ー具体的にどのような活動をしているのでしょうか?コアメンバーとして活動してみての感想も聞かせてください。
毎月1回、コアメンバーで定例会を行っています。定例会は夜の時間帯が多いので、私は休みの日や夜勤明けの日に参加しています。2021年9月〜11月には初のイベント『ひたち産直講座~地産地消×SDGs~(全3回)』(※)を開催しました。私は残念ながら仕事の都合で参加できなかったので、今後の活動に向けてがんばります。
今まで家と職場の往復という生活でしたが、地域で精力的に活動している方々とのつながりができ、良い刺激をいただいています。参加して良かったなと思っています。
※ひたち産直講座~地産地消×SDGs~:日立市の魅力「山・海・畑」に触れながら、一人ひとりの暮らしがより心地よく自分らしく豊かになるように、それぞれが出来ることは何かに気づき実行していくための“きっかけ”と“学び”を創出する講座。

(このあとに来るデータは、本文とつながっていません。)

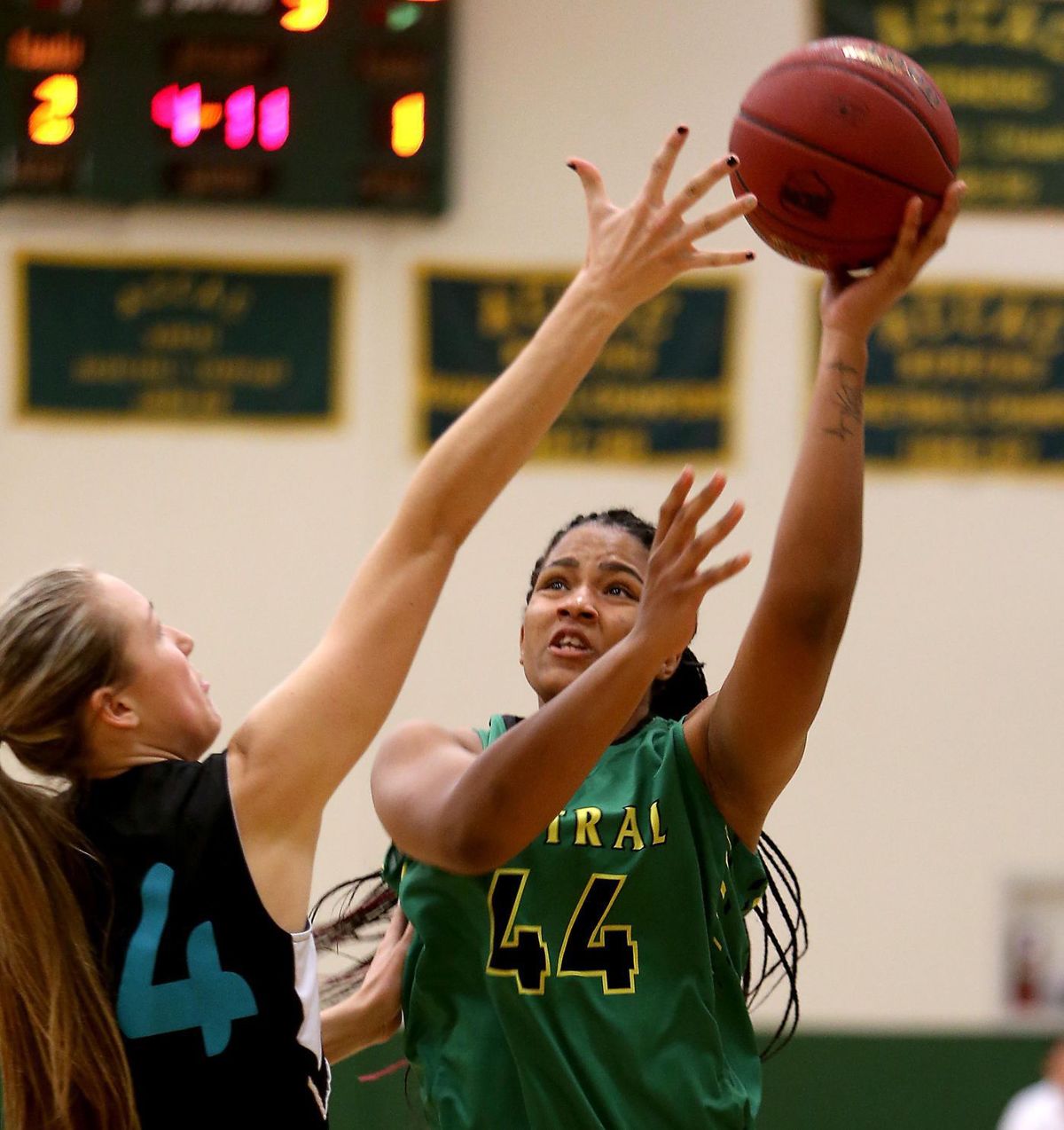 Central's Jerraysha Smith, right, shoots over Chandler Gilbert's Rylee Chapman Wednesday night at George Young Activity Center.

https://note.com/hitachi_wkk/n/n75fb36b2a3e7
ーひたち若者かがやき会議のメンバーとして、今後チャレンジしてみたいことはありますか?
私が今提案していることはYouTubeです。日立にはスケートボードやサーフィン、ロッククライミングなどの体験施設がたくさんあります。探せばある、でもみんな知らない。知っていても入りにくい。飲食店もそうですね。そこで『私たちが実際にやってみた!行ってみた!』動画をアップして雰囲気を伝えることで、若い人も行きやすくなるのではと思ったんです。『場所がある』ことを伝えるだけでは、若者は動かない。動画や写真で伝えたほうが響くのかなと。2022年度に取り組むプロジェクトのひとつが「発信」なので、うまく組み込んでいけたらと思っています。ひたち若者かがやきプランの基本理念の一つに「失敗を笑わない」ということばがあるのですが、ひたち若者かがやき会議の活動もまさにそのことば通りで、日立市の担当者からもおもいっきりやっていいんだよといってもらっています。それってすごいことですよね。

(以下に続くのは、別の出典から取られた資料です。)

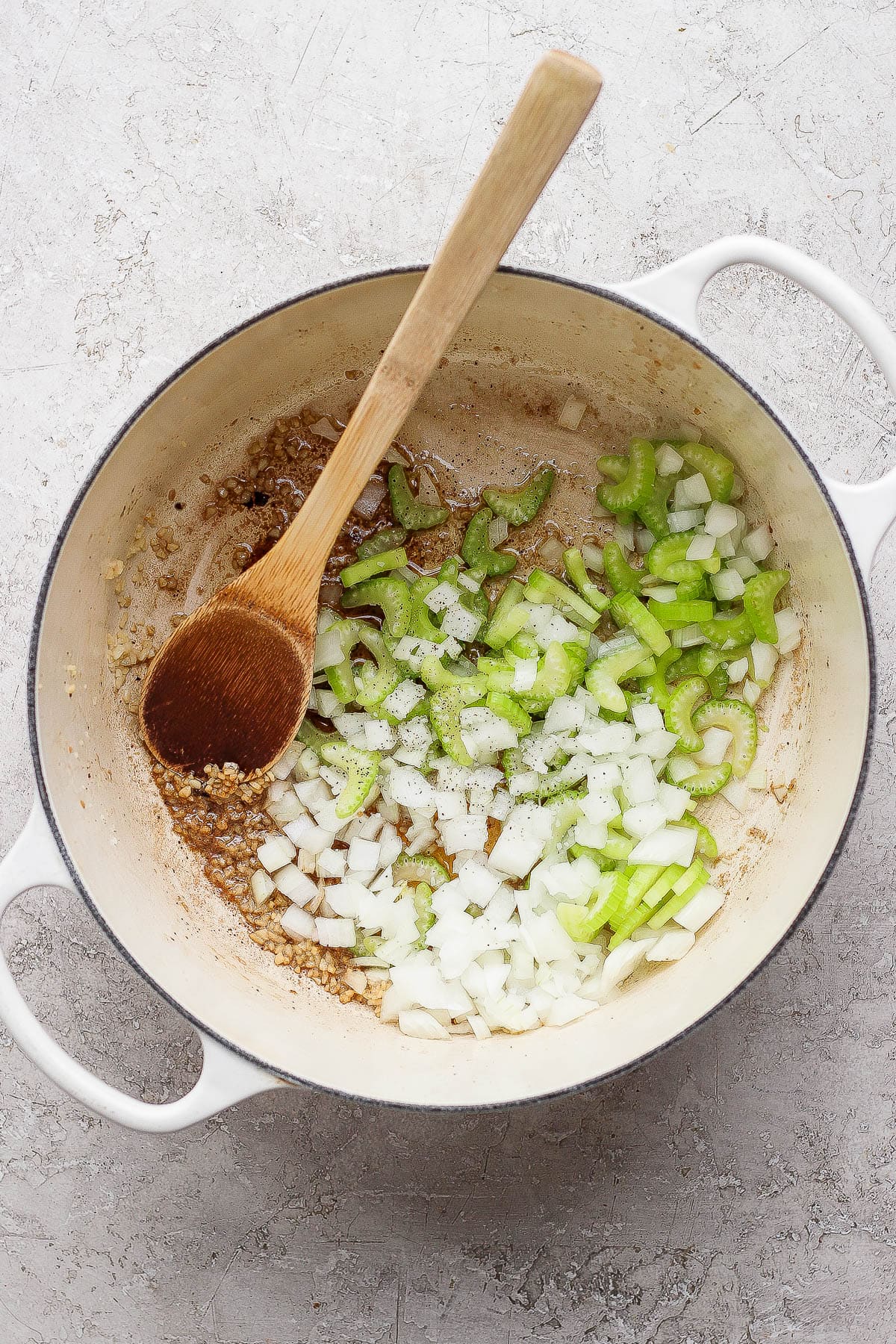 Garlic, onion, and celery sautéing in the pot.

次はスキルアップ!日立と都内を行き来している利点を活かし、趣味を充実
ーその他に、チャレンジしたいことがあれば教えてください。
仕事上、英語のスキルアップが必要なので、英語の勉強をすることがひとつ。もうひとつは、好きな裁縫を学ぶことで、ペットの服を自分で作りたいんです。都内に教室があるので、仕事終わりに習うのもいいなと。ここ数年でオンラインの講座も増えたので、日立にいながらでもいろいろな受講ができるようになりましたね。趣味のライブもオンラインで楽しむことができて嬉しいです。
ー今後の日立市にのぞむことはありますか?
ひとつインパクトのあるものを作ってほしいなと思っています。例えば、思い切ってスケートボードパークのようなものをつくるとか。日立市に来ないと出会えない、そんなものがあったら楽しいなと思います。
動けば見つかる!自分から地域に踏み出してみよう!
―最後に、日立市への移住を考えている人や、移住先での暮らしを充実させたいという人へメッセージをお願いします。

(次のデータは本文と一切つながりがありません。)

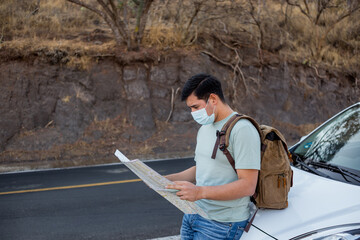 Viajero masculino con una mochila y mapas con una máscara sanitaria de pie en la carretera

仕事をする場所と住む場所を分けるのは、気持ちが切り替わって良いなと感じています。ただ、日立市での暮らしを充実させるには、東京より行動力が必要だと思います。受け身でいると場所もお店もコミュニティも見つけるのは難しい。自分から動かないと見つからないけれど、動けば見つかる。「ここには何もない」と文句を言うのでなく、まずは行動してみてください!